I-580

I got a letter from NDOT today, setting me straight on a few things I said when I was talking about the I-580 project the other day. I’ll just reprint the whole thing here, rather than trying to paraphrase it.

In response to the Tuesday, Jan. 9, posting “I-580 Construction Resumes,” I wanted to set the record straight regarding the following erroneous statement: “NDOT chose this particular alignment mostly because they were excited about the chance to build this bridge.” This is completely false.

This project is the last of six projects that built US-395 from Panther Valley, north of Reno, to the Carson City/Washoe County line. This overall project was conceived in 1957. Four of the six projects were constructed. The alignment proposed by NDOT for the remaining two projects, between the Bowers Mansion Highway north to South McCarran, was very contentious and not well accepted by the public. In the late 1970s and early 1980s, NDOT was required to prepare an environmental impact statement to comply with federal law. During this process alternate alignments were proposed and debated in public meetings. The final alignment, the “S” alignment, was the result of many compromises among the members of the public who would be affected by it.

The Nevada Department of Transportation did not choose the I-580 alignment. NDOT was only a cooperating participant, and the Department had actually recommended a route that was not only less expensive, but easier to construct.

Thank you or your time and consideration.

Scott Magruder
Public Information Officer
Nevada Department of Transportation

0 comments

  1. Scott,

    Several years ago when the final decision on routing was being made, I had the chance to speak with a couple of Regional Transportaion staffers on “how” the final routing decision was actually made. They said that it was basically the “last and worst” route available. Over the decades, route after route had been proposed but because of either threatened litigation or new housing developments that were approved by the county in the proposed freeway path, they were discarded – one by one. As all too often occurs, political expedience trumped realistic and effective long-term planning.

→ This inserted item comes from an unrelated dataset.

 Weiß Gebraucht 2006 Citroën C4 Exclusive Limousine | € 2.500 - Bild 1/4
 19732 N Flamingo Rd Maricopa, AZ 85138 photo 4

    Will Veterans Parkway – long proposed to connect Mount Rose Hwy on the south to Sparks Blvd where it dead ends at the north bank of the Truckee River – ever be completed? Or, will it fall victim to political expediency and be stymied by the never-ending protests of the Hidden Valley NIMBY crowd? That “southeast connector” is vitally needed right now and will become even more critical as more and more development occurs in southeast Reno as well as in Sparks, but will the Regional Transportation folks have the guts to route it correctly using the lowest cost and most effective route through Rosewood Lakes or will it push it further into the future and up into the mountains where it will cost hundreds of millions of dollars more and provide far less effective service to Reno drivers.

    And, there are other important regional road projects such as:

    The outer ring freeway segment that is supposed to connect west to east between the 580 Freeway and Vista just to the north of the McCarron loop. The road is proposed, but no routing has been agreed upon and year after year more new development keeps getting built along the most feasible and cost effective route.

    Transforming Pyramid Hwy into a Freeway north of its connection with the proposed Outer Loop Freeway. Here too, every year without a firm routing and needed land acquisition brings ever more development which will interfere with and drive up the cost of any eventual freeway construction.

    And, one that planners are not even discussing publicly as yet, but that was mentioned to me years ago by a frustrated staffer. One day, when the I80/I580 interchange gets even more hopelessly knotted, it will probably be necessary to create an all-new north-south road linking I80 (somewhere out by Verdi) to Mount Rose Highway (somewhere up by Montreux) by building a parkway or Freeway around the hillsides through the federal land in order to take some of the north-south traffic off of I580. For years, planners wanted to create another through route to the north. But the NIMBY crowd in the county horse estates area got the politicos to thwart every attempt. So, someday it will probably end up costing a kings ransom to finally create an alternative route gouged along the steep federal hillside land along the west side of Reno.

    You know the drill – its the same kind of steep hillside land that the long-delayed I580 extension will finally traverse above Pleasant Valley 🙂

    Steve

  2. It always amazes me how fast people were able to build things back in the “olden days”. Things like the Los Angeles freeway system, the New York subways, the Bay Area bridges, even the V&T Railroad. But now, with all our advanced construction techniques (and red tape) it takes us decades to build anything similar. Maybe it’s because there was less concern for things like safety and the environment back then, I don’t know. The Bay Bridge took three years to build; how long is its replacement taking? And the V&T – it took them the same amount of time to build that one-mile stretch by the Overman Pit that it did to build the whole railroad 140 years ago.

    Maybe there was more money to throw around back then. Maybe there weren’t any NIMBYs in the 50s. Or maybe the government knew better how to ignore them. But things sure were more efficient back then, and we seem to be going in the wrong direction.